After saving the YAML config, we will run the command the same way we did for the metadata ingestion:

```bash theme={null}
metadata classify -c <path-to-yaml>
```

<Tip>
  Now instead of running `ingest`, we are using the `classify` command to select the Auto Classification workflow.
</Tip>

## Workflow Execution

### To Execute the Auto Classification Workflow:

1. **Create a Pipeline**
   * Configure the Auto Classification JSON as demonstrated in the provided configuration example.
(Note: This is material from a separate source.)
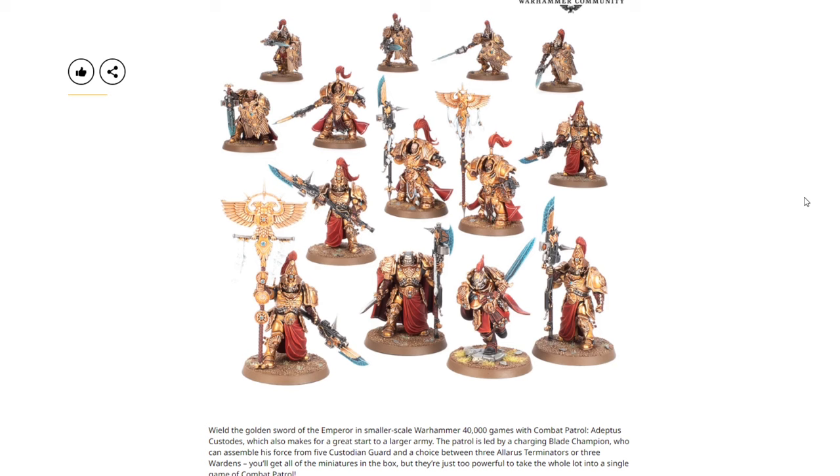We've got a brand new Combat Patrol for the Adeptus Custodes. The old box was really nice with a ton of points and value; this one isn't bad, but it notably includes terminators. The new Battleforce also includes two squads of terminators, so buying both would give you three squads of terminators — nine total — which is arguably a lot unless they turn out to be especially powerful. The combat patrol lets you wield the golden sword of the Emperor in smaller-scale games and makes a great start to a larger army, led by a Blade Champion with five Custodian Guard and a choice between three Allarus Terminators or three Wardens.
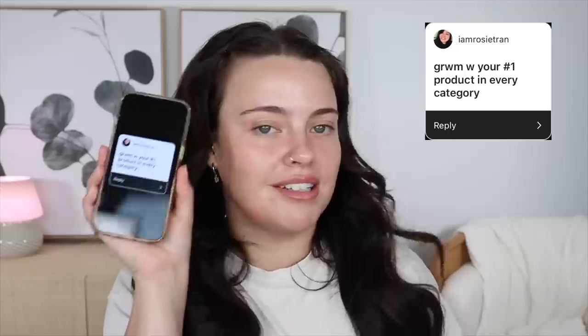Hi guys, welcome back! Today I'm going to be getting ready for my day using my number one favorite product in every category — well, at least on this day. This was a video idea brought up by one of you guys. I asked on Instagram what videos you'd like to see in August, and this one was brought up by iamrosietran on Instagram, so thank you. I'm always open to your suggestions — some of my best videos were thought up by you guys, so if you have any fun ideas, comment them down below.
2. **Run the Ingestion Pipeline**
   * Use OpenMetadata or an external scheduler like Argo to trigger the pipeline execution.

3. **Validate Results**
   * Verify the metadata and tags applied to sensitive columns in the OpenMetadata UI.

### Expected Outcomes

* **Automatic Tagging:**
  Columns containing sensitive information (e.g., names, emails, SSNs) are automatically tagged based on predefined confidence levels.

* **Enhanced Visibility:**
  Gain improved visibility and classification of sensitive data within your databases.

* **Sample Data Integration:**
  Store sample data to provide better insights during profiling and testing workflows.